_What the exercise asks:_ For this exercise, print all of the data exactly as given.

[Dataset records]
-=-=-

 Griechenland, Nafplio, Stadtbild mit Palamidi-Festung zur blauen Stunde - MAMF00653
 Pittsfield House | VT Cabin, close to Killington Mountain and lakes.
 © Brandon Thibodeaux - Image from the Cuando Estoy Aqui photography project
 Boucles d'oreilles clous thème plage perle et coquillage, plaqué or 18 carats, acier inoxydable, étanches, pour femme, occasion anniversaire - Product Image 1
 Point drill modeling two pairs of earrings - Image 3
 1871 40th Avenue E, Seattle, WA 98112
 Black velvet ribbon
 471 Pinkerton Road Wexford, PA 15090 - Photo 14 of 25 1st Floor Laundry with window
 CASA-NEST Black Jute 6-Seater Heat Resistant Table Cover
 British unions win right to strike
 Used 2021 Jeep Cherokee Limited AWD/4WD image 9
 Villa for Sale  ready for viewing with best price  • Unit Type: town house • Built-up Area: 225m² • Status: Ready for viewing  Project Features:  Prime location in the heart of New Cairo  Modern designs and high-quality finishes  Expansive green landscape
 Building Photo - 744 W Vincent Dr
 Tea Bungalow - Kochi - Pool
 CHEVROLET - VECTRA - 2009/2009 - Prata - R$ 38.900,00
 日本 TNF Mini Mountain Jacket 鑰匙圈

-=-=-

_Task answer:_
 Griechenland, Nafplio, Stadtbild mit Palamidi-Festung zur blauen Stunde - MAMF00653
 Pittsfield House | VT Cabin, close to Killington Mountain and lakes.
 © Brandon Thibodeaux - Image from the Cuando Estoy Aqui photography project
 Boucles d'oreilles clous thème plage perle et coquillage, plaqué or 18 carats, acier inoxydable, étanches, pour femme, occasion anniversaire - Product Image 1
 Point drill modeling two pairs of earrings - Image 3
 1871 40th Avenue E, Seattle, WA 98112
 Black velvet ribbon
 471 Pinkerton Road Wexford, PA 15090 - Photo 14 of 25 1st Floor Laundry with window
 CASA-NEST Black Jute 6-Seater Heat Resistant Table Cover
 British unions win right to strike
 Used 2021 Jeep Cherokee Limited AWD/4WD image 9
 Villa for Sale  ready for viewing with best price  • Unit Type: town house • Built-up Area: 225m² • Status: Ready for viewing  Project Features:  Prime location in the heart of New Cairo  Modern designs and high-quality finishes  Expansive green landscape
 Building Photo - 744 W Vincent Dr
 Tea Bungalow - Kochi - Pool
 CHEVROLET - VECTRA - 2009/2009 - Prata - R$ 38.900,00
 日本 TNF Mini Mountain Jacket 鑰匙圈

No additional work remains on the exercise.